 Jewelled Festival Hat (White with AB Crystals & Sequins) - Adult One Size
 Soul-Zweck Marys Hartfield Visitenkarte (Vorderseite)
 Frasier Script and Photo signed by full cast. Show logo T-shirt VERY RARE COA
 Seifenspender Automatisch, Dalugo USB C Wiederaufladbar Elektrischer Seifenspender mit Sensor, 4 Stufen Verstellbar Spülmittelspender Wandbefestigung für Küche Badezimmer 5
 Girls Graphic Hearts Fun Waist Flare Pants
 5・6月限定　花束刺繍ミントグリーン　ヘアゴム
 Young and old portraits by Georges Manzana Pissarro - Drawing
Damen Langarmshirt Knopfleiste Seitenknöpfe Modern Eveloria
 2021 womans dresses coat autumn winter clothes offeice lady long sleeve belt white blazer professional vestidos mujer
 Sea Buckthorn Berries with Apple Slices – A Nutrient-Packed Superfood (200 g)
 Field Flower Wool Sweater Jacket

§

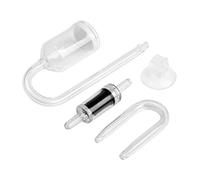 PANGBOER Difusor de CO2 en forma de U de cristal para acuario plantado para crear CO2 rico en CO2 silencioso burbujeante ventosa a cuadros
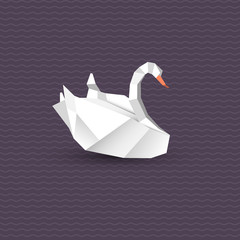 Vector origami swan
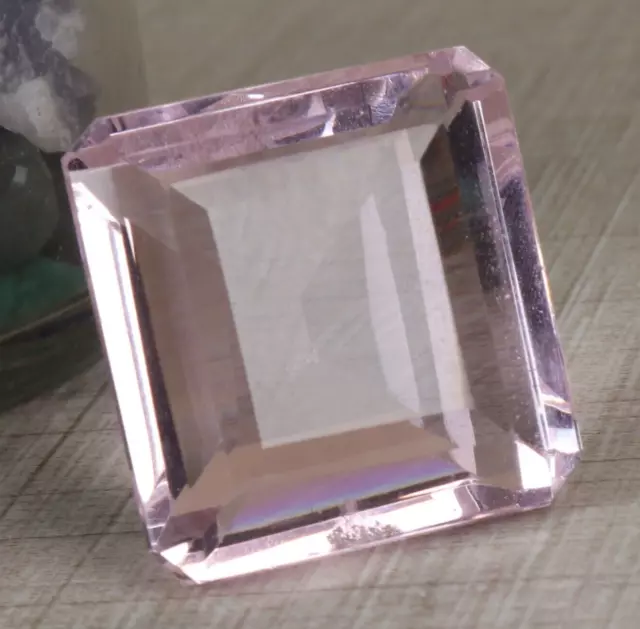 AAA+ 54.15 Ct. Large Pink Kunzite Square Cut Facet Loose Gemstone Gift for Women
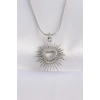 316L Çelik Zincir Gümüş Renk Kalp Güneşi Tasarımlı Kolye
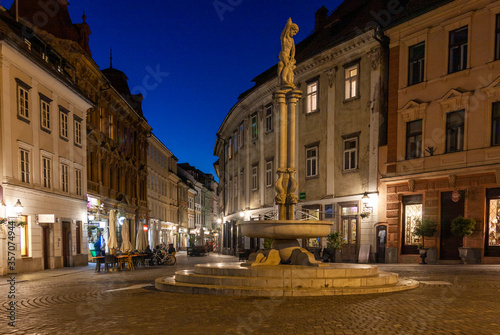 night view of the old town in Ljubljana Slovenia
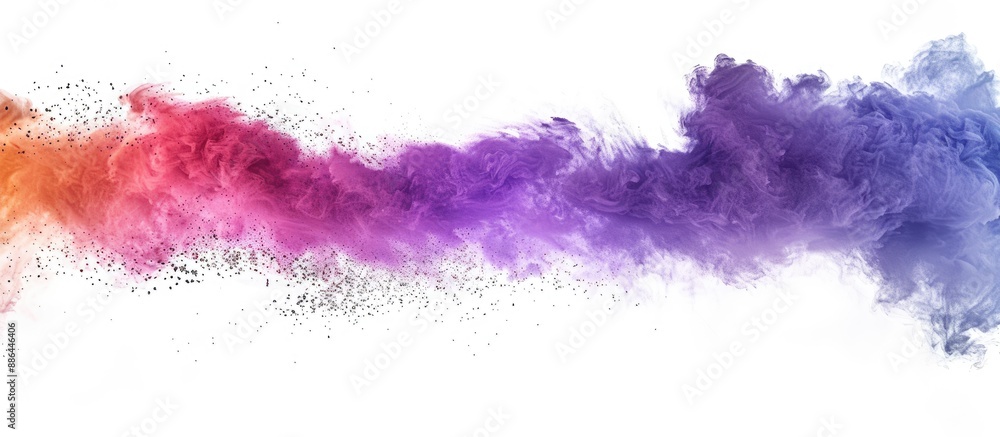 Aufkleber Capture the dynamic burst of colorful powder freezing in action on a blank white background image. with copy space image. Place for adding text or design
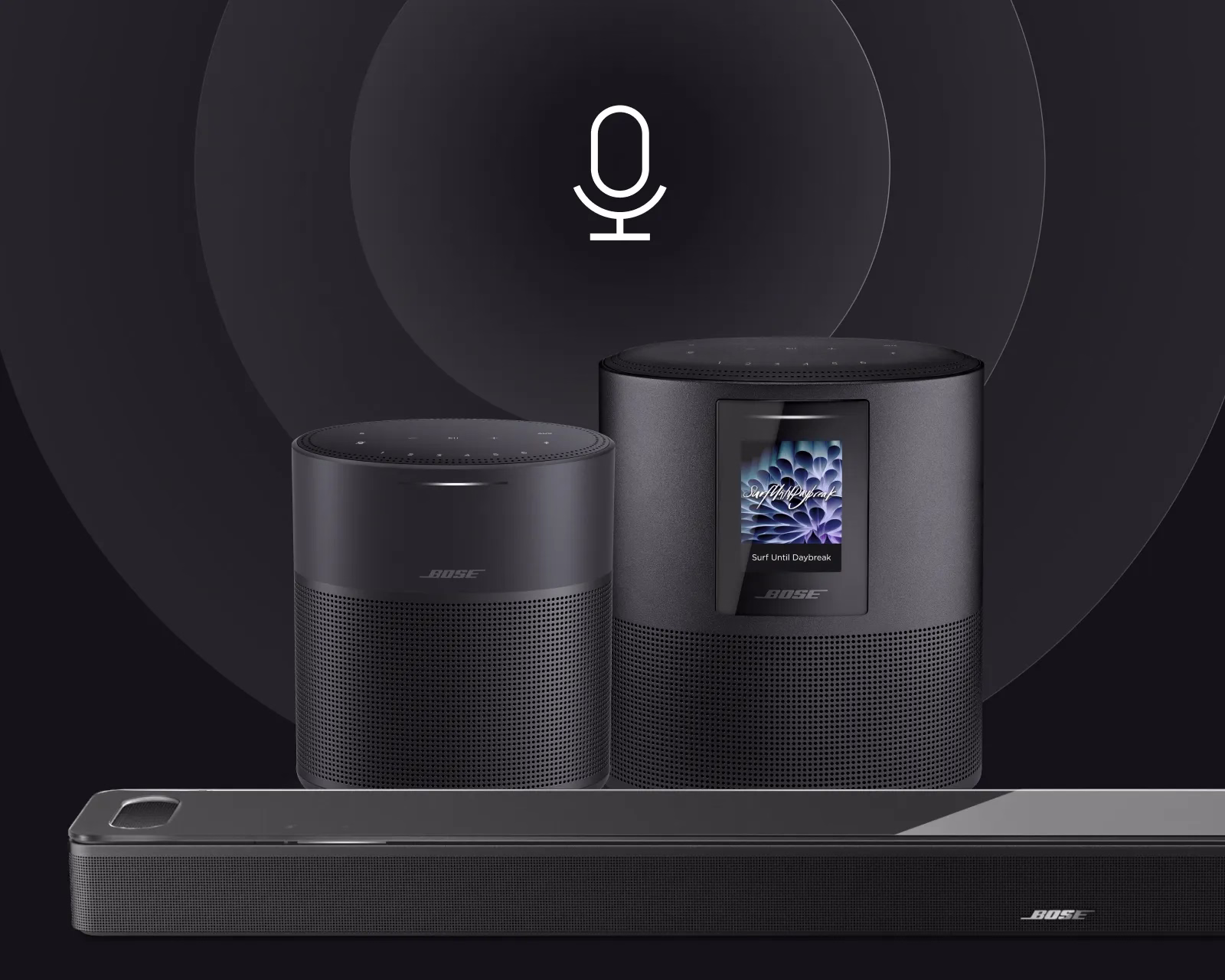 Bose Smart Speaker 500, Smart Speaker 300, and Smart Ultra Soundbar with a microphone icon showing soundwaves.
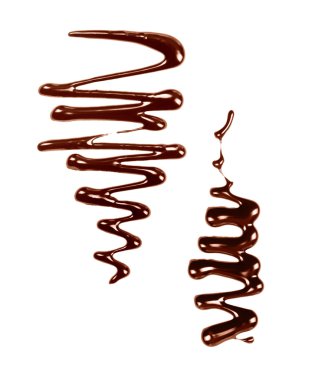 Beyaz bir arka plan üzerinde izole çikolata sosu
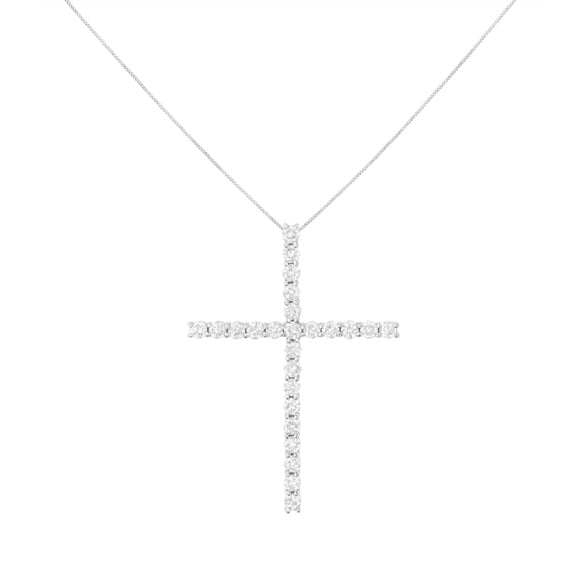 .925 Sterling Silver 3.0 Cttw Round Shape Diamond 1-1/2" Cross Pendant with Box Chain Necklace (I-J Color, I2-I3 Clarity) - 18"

§

§ **Exercise description**
Look above for the line with "Damen Langarmshirt Knopfleiste" and the line with "Field Flower Wool Sweater Jacket". Write out those two lines and all the lines between them, exactly, and no others.

§ **Task response**
Damen Langarmshirt Knopfleiste Seitenknöpfe Modern Eveloria
 2021 womans dresses coat autumn winter clothes offeice lady long sleeve belt white blazer professional vestidos mujer
 Sea Buckthorn Berries with Apple Slices – A Nutrient-Packed Superfood (200 g)
 Field Flower Wool Sweater Jacket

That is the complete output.